35Un dernier élément notable des discours tient à la qualification des lieux et pèse sur celle des jeunes gens. Tous les journaux évoquent la spatialisation spécifique des violences dans des « ghettos », des banlieues « sensibles » ou « difficiles ». Cette qualification, qui vise, dans l’Humanité, Libération ou la Croix, à dénoncer les conditions de vie des habitants, indique la difficulté des médias à parler des violences s’exerçant dans des quartiers désignés comme des espaces publics distincts. Même si cette conséquence symbolique est explicitement refusée, les récits produisent une représentation qui instaure une double relégation : du centre vers la banlieue et des jeunes hors de l’ensemble sociopolitique. C’est peut-être là le trait le plus marquant des discours, car il superpose une frontière territoriale à une frontière sociale. Ces frontières coïncident par ailleurs avec une relégation symbolique, que les discours de Libération et l’Humanité dénoncent de façon centrale.

36Les éditions suivantes, que nous ne pouvons pas présenter ici, confirment cette relégation symbolique, mais insistent sur l’attention due aux habitants victimes des violences.
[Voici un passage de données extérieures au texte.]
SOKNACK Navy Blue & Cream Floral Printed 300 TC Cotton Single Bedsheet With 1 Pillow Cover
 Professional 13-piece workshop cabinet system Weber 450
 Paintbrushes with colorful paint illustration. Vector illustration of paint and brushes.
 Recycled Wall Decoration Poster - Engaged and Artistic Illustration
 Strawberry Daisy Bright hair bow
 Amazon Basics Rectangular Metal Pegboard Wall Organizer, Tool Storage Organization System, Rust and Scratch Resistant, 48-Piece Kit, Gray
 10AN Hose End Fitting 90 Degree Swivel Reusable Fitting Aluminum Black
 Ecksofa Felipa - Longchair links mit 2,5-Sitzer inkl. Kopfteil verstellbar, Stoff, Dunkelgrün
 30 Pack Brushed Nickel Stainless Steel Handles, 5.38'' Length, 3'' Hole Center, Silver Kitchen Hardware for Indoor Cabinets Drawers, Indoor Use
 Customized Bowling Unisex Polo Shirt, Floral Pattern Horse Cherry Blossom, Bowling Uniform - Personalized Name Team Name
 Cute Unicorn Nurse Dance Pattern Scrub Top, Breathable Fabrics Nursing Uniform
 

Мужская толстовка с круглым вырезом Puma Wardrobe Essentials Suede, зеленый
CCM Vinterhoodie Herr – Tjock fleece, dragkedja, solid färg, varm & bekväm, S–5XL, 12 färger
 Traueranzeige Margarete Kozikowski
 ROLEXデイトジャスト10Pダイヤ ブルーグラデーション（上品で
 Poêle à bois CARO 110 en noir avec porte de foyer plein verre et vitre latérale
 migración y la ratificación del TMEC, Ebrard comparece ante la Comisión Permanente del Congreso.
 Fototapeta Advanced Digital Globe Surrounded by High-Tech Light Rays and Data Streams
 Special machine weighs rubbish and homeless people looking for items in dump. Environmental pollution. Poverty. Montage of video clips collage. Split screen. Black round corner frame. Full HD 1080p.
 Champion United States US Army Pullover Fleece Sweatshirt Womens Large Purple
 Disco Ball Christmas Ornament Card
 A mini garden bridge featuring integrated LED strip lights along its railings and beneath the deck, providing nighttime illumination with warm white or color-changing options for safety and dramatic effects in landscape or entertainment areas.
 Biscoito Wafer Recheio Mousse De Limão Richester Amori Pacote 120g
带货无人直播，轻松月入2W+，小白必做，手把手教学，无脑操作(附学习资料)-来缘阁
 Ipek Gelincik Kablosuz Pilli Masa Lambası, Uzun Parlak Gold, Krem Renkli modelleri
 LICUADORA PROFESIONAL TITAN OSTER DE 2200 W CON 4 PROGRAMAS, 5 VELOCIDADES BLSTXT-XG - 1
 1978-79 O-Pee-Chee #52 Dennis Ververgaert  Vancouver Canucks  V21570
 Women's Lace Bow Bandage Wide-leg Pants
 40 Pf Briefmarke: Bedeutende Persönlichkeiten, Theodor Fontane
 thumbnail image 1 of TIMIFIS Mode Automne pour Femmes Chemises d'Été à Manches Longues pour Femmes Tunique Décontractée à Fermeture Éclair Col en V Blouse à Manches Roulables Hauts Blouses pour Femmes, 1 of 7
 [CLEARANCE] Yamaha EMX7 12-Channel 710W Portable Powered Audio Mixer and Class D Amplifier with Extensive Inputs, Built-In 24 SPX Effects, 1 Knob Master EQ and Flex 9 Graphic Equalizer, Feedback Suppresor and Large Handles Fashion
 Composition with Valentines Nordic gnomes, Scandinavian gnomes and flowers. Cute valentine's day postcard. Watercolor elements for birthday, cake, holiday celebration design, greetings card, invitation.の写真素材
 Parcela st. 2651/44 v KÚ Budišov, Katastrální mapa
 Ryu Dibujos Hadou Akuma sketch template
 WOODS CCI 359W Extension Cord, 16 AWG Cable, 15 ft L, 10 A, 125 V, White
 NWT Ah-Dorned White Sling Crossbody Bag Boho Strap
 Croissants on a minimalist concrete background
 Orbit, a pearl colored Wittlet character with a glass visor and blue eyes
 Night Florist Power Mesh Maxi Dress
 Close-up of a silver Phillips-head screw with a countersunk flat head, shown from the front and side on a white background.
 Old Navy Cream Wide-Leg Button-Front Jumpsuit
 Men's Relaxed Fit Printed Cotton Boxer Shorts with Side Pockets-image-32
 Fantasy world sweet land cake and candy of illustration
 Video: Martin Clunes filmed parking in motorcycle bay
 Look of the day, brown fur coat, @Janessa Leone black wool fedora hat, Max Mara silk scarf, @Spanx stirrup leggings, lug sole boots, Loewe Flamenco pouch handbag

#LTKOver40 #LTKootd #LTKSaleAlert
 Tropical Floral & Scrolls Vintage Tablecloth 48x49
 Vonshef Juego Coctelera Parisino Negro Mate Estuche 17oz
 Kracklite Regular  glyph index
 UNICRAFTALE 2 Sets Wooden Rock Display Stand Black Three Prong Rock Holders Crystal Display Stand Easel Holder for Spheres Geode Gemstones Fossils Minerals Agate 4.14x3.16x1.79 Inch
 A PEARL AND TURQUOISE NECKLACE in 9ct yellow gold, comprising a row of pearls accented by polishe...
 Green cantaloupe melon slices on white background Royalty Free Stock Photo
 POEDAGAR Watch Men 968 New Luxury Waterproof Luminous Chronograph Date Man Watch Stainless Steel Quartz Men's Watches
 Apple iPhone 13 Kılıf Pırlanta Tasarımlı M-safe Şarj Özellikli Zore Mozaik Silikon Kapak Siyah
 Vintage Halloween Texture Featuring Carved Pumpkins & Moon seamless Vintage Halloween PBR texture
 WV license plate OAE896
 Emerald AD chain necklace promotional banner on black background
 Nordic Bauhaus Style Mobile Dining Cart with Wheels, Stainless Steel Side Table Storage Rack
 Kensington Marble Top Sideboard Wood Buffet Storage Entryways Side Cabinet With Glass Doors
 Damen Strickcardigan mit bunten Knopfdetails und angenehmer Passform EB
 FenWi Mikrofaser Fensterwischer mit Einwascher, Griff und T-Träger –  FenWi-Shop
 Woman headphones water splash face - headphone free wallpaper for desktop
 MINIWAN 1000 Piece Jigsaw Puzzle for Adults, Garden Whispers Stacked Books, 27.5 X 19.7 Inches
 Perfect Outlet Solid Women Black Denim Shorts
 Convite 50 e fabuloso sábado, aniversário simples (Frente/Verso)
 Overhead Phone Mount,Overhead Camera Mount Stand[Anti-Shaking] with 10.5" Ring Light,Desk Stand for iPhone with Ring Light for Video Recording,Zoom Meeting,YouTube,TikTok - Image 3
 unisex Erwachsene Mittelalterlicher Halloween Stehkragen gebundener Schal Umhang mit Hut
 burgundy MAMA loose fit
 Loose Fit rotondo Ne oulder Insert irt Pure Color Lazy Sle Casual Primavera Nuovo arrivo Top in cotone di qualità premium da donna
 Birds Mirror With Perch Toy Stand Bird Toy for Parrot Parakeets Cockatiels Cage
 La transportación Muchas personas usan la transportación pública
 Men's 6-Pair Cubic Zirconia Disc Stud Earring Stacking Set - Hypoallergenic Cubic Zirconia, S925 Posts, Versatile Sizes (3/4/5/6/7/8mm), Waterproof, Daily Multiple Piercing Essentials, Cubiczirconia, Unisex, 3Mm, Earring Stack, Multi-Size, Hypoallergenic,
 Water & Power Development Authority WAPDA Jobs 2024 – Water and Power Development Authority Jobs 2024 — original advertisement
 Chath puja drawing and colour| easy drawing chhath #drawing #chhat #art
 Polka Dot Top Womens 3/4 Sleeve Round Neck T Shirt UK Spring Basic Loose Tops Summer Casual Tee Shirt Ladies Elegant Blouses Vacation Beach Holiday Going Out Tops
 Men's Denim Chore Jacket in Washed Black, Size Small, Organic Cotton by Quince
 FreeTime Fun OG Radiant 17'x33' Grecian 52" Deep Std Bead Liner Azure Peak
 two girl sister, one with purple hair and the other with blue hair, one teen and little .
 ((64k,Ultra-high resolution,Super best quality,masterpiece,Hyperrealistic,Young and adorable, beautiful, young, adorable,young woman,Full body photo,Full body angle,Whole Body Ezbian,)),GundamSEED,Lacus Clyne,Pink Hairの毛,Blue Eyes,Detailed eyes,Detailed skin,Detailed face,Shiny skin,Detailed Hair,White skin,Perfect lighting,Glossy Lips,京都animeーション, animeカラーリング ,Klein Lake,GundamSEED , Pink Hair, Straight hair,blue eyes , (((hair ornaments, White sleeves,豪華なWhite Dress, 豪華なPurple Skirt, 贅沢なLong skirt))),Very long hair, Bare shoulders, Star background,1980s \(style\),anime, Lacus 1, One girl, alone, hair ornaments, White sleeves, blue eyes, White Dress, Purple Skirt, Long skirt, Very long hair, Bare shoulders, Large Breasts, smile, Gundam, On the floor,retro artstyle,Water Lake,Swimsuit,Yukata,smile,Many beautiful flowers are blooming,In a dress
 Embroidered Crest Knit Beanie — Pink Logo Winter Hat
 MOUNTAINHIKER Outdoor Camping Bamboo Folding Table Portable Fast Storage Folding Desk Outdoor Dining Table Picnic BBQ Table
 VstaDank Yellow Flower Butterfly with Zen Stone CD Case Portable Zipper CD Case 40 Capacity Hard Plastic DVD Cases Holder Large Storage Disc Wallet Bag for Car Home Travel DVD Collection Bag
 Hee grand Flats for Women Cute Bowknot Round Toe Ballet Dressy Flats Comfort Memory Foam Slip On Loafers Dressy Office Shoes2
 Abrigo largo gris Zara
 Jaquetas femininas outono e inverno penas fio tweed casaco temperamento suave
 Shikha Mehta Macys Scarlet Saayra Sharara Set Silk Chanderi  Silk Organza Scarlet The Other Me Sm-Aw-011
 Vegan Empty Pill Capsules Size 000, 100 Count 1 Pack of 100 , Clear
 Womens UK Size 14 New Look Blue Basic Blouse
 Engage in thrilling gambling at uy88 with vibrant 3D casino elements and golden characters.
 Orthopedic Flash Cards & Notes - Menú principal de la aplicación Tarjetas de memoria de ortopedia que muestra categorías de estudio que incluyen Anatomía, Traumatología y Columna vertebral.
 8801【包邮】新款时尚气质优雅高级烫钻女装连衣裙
Là encore, le même clivage est repérable entre des journaux comme Libération, l’Humanité et, de façon moins marquée, Le Monde et la Tribune de Genève, qui fondent leurs récits sur une conception compréhensive, soulignent et soutiennent la prise en charge de la situation par les habitants eux-mêmes, et ceux, comme la Croix, Le Parisien et Le Figaro, qui, ancrés dans une conception répressive, dénoncent la « terreur » de ces habitants et affirment la nécessité primordiale de leur rendre la sécurité.

37La qualification des territoires de la violence, qu’elle relève de la compréhension ou de la relégation, s’ancre dans la distinction d’espaces publics « spécifiques ». Les journaux ne définissent pas explicitement ces espaces publics comme distincts mais en les qualifiant spécifiquement, ils les instaurent comme tels. La stigmatisation n’est donc pas argumentée ; elle résulte de l’imposition d’une catégorie qui n’est fondée sur rien d’autre que sur le discours qui désigne ces espaces publics comme spécifiques. Ainsi, entre compréhension et relégation, se mettent en place des récits qui donnent forme aux représentations que la société et le politique peuvent se faire des événements. La majorité des journaux propose une qualification des jeunes gens fondée sur le rejet de leur violence. Cette figure de l’altérité, liée à leur exclusion sociale et spatiale, rend problématique l’appartenance symbolique des jeunes à l’ensemble social, notamment lorsque leur déviance est naturalisée. Face à cette altérité, les lecteurs sont constitués comme le référent au nom duquel les journaux s’expriment et demandent à l’instance politique d’agir. Certains discours en appellent à une reconnaissance des violences dont sont victimes les jeunes, mais ces discours sont minoritaires au regard d’une tonalité d’ensemble nettement plus sécuritaire. Le discours dominant peut être socialement et politiquement interrogé, car si les positions éditoriales ne sont pas contestables en tant que telles, elles se livrent « en creux », dans l’organisation des récits factuels, rendant leur légitimité presque impossible à discuter. En novembre 2005 et, comme cela a été le cas depuis 30 ans, à chaque explosion de violence juvénile, les normes sociopolitiques – l’ordre et la sécurité comme cœur du processus démocratique – sont réaffirmées, les jeunes gens sont symboliquement relégués et les banlieues à nouveau assignées à leur périphérie sociale et politique, même si cela est dénoncé.

Notes

  • [1]
    « Sauvageon » a été réhabilité en mars 1998 par un ministre de l’Intérieur de la gauche,
    J.-P. Chevènement.
  • [2]
    Le ministre a repris le terme d’une habitante, qui l’interpellait sur la « racaille ».